== Segment start ==

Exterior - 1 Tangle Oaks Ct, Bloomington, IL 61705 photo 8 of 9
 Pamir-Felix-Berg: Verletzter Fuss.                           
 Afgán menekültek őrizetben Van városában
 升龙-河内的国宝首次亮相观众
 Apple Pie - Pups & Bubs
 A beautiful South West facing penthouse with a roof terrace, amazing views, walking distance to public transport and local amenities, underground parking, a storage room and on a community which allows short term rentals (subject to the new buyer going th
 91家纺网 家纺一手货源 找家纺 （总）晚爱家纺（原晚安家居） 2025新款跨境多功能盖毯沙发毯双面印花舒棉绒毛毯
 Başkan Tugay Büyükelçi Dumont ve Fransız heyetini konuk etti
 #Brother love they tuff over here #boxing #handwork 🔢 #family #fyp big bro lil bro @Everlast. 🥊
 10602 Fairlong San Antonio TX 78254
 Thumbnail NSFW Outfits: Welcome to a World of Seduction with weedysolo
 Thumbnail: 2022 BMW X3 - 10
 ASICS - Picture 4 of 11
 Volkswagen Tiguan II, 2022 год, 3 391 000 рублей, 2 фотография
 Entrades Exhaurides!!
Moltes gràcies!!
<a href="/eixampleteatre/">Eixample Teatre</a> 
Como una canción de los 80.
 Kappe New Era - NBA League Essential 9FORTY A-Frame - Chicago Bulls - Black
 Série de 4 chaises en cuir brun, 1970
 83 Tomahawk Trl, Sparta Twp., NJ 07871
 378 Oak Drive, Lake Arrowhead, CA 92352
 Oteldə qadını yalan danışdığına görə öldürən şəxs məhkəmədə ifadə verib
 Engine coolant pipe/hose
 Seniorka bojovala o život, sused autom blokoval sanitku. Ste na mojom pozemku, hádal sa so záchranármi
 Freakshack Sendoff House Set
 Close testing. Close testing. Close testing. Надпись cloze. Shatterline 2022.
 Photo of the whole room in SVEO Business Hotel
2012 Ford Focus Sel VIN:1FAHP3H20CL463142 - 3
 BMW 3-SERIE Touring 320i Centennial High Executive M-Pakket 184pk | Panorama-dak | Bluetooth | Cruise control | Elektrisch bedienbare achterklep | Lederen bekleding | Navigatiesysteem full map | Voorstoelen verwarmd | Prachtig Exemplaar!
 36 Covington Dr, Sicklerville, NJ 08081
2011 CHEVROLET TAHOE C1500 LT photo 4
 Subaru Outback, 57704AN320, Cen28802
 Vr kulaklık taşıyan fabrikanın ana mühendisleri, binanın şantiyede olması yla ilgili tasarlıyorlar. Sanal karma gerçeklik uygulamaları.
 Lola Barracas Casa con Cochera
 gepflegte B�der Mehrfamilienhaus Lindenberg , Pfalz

== Segment end ==

Read through the lines above and collect those that contain the string "room".

_Answer to the exercise_:
 A beautiful South West facing penthouse with a roof terrace, amazing views, walking distance to public transport and local amenities, underground parking, a storage room and on a community which allows short term rentals (subject to the new buyer going th
 Photo of the whole room in SVEO Business Hotel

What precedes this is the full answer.